* _What you will do_:
Print exactly the lines from the one that contains "Rechargeable Wireless Bluetooth" through the last line of the material, both included, and leave out all pictures.

* _Information supplied_:
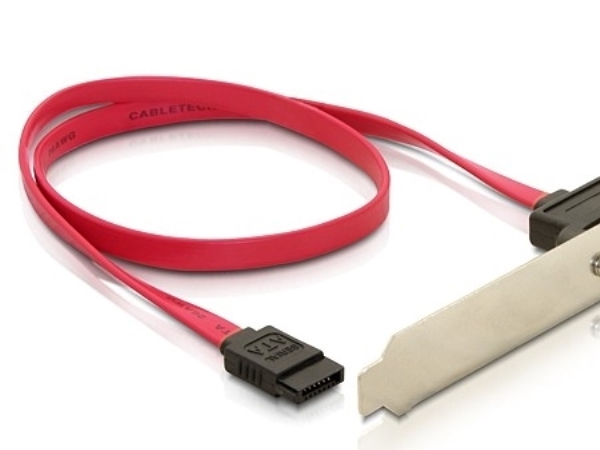 Delock Slotbracket 1X Esata Port External, 0,5 M, Esata, Rød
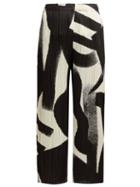 Matchesfashion.com Pleats Please Issey Miyake - Pleated Cropped Wide Leg Trousers - Womens - Black White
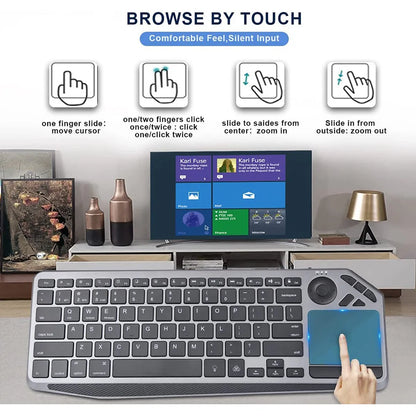 Rechargeable Wireless Bluetooth Keyboard with Touchpad & Backlight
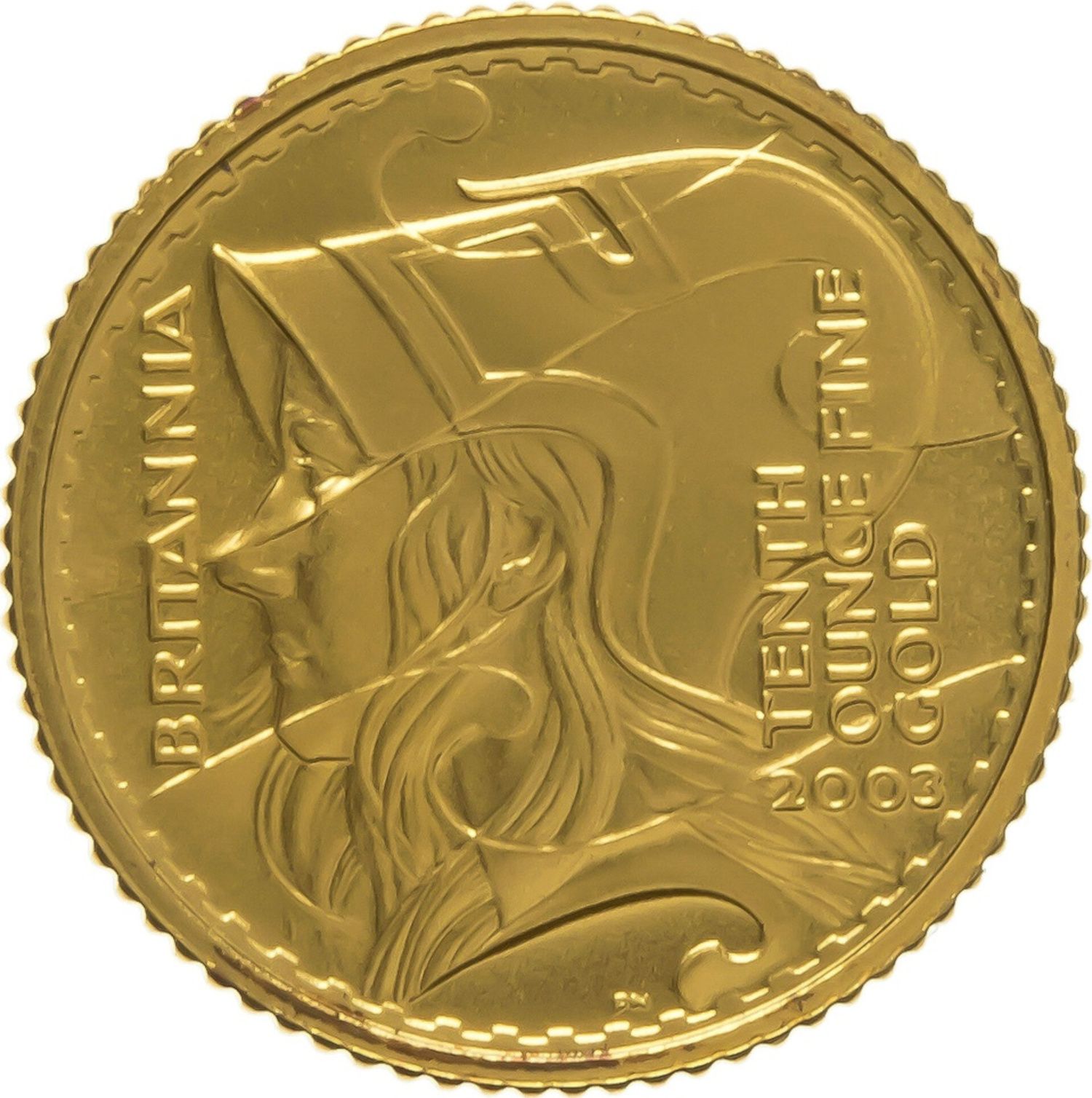 10 Pounds - Elizabeth II 4th portrait; 1/10 oz Fine Gold reverse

* _Written solution_:
 Rechargeable Wireless Bluetooth Keyboard with Touchpad & Backlight
 10 Pounds - Elizabeth II 4th portrait; 1/10 oz Fine Gold reverse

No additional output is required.